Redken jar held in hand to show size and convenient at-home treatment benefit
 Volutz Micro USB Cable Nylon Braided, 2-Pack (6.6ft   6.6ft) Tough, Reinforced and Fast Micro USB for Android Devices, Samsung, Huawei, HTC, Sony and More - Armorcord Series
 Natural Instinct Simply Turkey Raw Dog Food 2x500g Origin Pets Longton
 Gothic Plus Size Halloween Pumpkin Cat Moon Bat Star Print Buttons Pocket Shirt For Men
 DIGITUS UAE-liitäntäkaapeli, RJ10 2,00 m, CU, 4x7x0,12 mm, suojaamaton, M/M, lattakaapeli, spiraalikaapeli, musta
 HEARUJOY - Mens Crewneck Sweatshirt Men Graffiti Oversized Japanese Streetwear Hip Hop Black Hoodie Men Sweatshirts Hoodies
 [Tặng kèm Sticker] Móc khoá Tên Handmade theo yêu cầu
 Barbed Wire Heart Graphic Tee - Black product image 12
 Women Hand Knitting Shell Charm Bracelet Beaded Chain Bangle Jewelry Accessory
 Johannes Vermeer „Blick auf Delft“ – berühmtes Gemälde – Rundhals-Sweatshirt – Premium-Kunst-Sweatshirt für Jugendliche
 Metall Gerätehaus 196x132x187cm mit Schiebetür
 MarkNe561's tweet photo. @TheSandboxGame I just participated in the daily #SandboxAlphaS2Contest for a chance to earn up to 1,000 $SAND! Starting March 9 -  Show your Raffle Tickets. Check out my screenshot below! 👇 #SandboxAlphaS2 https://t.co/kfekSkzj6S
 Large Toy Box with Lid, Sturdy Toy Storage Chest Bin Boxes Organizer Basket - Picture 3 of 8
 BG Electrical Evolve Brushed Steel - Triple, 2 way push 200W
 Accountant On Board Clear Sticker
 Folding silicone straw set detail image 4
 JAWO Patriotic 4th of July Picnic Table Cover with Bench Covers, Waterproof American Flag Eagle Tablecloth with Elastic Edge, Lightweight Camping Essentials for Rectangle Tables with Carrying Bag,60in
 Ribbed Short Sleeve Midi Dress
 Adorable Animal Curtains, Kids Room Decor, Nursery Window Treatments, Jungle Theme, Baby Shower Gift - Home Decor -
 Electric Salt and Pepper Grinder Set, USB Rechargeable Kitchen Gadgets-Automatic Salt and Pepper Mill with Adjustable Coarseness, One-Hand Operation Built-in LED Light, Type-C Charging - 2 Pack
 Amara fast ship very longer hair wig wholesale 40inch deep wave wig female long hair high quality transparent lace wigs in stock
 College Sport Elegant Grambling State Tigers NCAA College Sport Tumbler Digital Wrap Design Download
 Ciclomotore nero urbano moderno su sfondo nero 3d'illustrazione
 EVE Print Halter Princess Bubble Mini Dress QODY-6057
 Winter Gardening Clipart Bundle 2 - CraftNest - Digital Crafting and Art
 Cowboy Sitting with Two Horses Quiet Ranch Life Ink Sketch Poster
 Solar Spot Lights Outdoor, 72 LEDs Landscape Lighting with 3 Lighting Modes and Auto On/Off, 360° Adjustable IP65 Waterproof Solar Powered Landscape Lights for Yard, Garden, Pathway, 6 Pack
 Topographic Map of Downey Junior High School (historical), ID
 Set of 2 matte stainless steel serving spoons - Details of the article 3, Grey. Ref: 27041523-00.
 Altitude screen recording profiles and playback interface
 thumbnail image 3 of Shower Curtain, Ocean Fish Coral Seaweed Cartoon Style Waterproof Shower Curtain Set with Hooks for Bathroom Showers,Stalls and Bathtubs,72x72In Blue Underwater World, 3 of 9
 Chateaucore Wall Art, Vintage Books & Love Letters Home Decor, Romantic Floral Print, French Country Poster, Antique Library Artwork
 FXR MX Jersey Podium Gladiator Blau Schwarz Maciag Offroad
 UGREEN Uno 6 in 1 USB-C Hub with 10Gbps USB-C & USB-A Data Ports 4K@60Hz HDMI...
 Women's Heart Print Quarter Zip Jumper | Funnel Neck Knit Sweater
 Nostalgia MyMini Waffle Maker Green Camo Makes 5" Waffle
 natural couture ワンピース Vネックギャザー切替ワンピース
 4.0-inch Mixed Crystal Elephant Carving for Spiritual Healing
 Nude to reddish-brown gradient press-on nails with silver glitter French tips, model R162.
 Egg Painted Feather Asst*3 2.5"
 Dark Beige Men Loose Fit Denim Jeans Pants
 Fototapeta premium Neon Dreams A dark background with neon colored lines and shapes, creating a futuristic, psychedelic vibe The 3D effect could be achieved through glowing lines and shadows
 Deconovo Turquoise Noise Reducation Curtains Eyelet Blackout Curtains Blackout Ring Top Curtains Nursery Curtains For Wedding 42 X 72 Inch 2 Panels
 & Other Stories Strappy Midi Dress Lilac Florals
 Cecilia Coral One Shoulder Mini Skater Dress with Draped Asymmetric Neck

## Task brief
A verbatim copy of the listing is needed.

## Result for this exercise
Redken jar held in hand to show size and convenient at-home treatment benefit
 Volutz Micro USB Cable Nylon Braided, 2-Pack (6.6ft   6.6ft) Tough, Reinforced and Fast Micro USB for Android Devices, Samsung, Huawei, HTC, Sony and More - Armorcord Series
 Natural Instinct Simply Turkey Raw Dog Food 2x500g Origin Pets Longton
 Gothic Plus Size Halloween Pumpkin Cat Moon Bat Star Print Buttons Pocket Shirt For Men
 DIGITUS UAE-liitäntäkaapeli, RJ10 2,00 m, CU, 4x7x0,12 mm, suojaamaton, M/M, lattakaapeli, spiraalikaapeli, musta
 HEARUJOY - Mens Crewneck Sweatshirt Men Graffiti Oversized Japanese Streetwear Hip Hop Black Hoodie Men Sweatshirts Hoodies
 [Tặng kèm Sticker] Móc khoá Tên Handmade theo yêu cầu
 Barbed Wire Heart Graphic Tee - Black product image 12
 Women Hand Knitting Shell Charm Bracelet Beaded Chain Bangle Jewelry Accessory
 Johannes Vermeer „Blick auf Delft“ – berühmtes Gemälde – Rundhals-Sweatshirt – Premium-Kunst-Sweatshirt für Jugendliche
 Metall Gerätehaus 196x132x187cm mit Schiebetür
 MarkNe561's tweet photo. @TheSandboxGame I just participated in the daily #SandboxAlphaS2Contest for a chance to earn up to 1,000 $SAND! Starting March 9 -  Show your Raffle Tickets. Check out my screenshot below! 👇 #SandboxAlphaS2 https://t.co/kfekSkzj6S
 Large Toy Box with Lid, Sturdy Toy Storage Chest Bin Boxes Organizer Basket - Picture 3 of 8
 BG Electrical Evolve Brushed Steel - Triple, 2 way push 200W
 Accountant On Board Clear Sticker
 Folding silicone straw set detail image 4
 JAWO Patriotic 4th of July Picnic Table Cover with Bench Covers, Waterproof American Flag Eagle Tablecloth with Elastic Edge, Lightweight Camping Essentials for Rectangle Tables with Carrying Bag,60in
 Ribbed Short Sleeve Midi Dress
 Adorable Animal Curtains, Kids Room Decor, Nursery Window Treatments, Jungle Theme, Baby Shower Gift - Home Decor -
 Electric Salt and Pepper Grinder Set, USB Rechargeable Kitchen Gadgets-Automatic Salt and Pepper Mill with Adjustable Coarseness, One-Hand Operation Built-in LED Light, Type-C Charging - 2 Pack
 Amara fast ship very longer hair wig wholesale 40inch deep wave wig female long hair high quality transparent lace wigs in stock
 College Sport Elegant Grambling State Tigers NCAA College Sport Tumbler Digital Wrap Design Download
 Ciclomotore nero urbano moderno su sfondo nero 3d'illustrazione
 EVE Print Halter Princess Bubble Mini Dress QODY-6057
 Winter Gardening Clipart Bundle 2 - CraftNest - Digital Crafting and Art
 Cowboy Sitting with Two Horses Quiet Ranch Life Ink Sketch Poster
 Solar Spot Lights Outdoor, 72 LEDs Landscape Lighting with 3 Lighting Modes and Auto On/Off, 360° Adjustable IP65 Waterproof Solar Powered Landscape Lights for Yard, Garden, Pathway, 6 Pack
 Topographic Map of Downey Junior High School (historical), ID
 Set of 2 matte stainless steel serving spoons - Details of the article 3, Grey. Ref: 27041523-00.
 Altitude screen recording profiles and playback interface
 thumbnail image 3 of Shower Curtain, Ocean Fish Coral Seaweed Cartoon Style Waterproof Shower Curtain Set with Hooks for Bathroom Showers,Stalls and Bathtubs,72x72In Blue Underwater World, 3 of 9
 Chateaucore Wall Art, Vintage Books & Love Letters Home Decor, Romantic Floral Print, French Country Poster, Antique Library Artwork
 FXR MX Jersey Podium Gladiator Blau Schwarz Maciag Offroad
 UGREEN Uno 6 in 1 USB-C Hub with 10Gbps USB-C & USB-A Data Ports 4K@60Hz HDMI...
 Women's Heart Print Quarter Zip Jumper | Funnel Neck Knit Sweater
 Nostalgia MyMini Waffle Maker Green Camo Makes 5" Waffle
 natural couture ワンピース Vネックギャザー切替ワンピース
 4.0-inch Mixed Crystal Elephant Carving for Spiritual Healing
 Nude to reddish-brown gradient press-on nails with silver glitter French tips, model R162.
 Egg Painted Feather Asst*3 2.5"
 Dark Beige Men Loose Fit Denim Jeans Pants
 Fototapeta premium Neon Dreams A dark background with neon colored lines and shapes, creating a futuristic, psychedelic vibe The 3D effect could be achieved through glowing lines and shadows
 Deconovo Turquoise Noise Reducation Curtains Eyelet Blackout Curtains Blackout Ring Top Curtains Nursery Curtains For Wedding 42 X 72 Inch 2 Panels
 & Other Stories Strappy Midi Dress Lilac Florals
 Cecilia Coral One Shoulder Mini Skater Dress with Draped Asymmetric Neck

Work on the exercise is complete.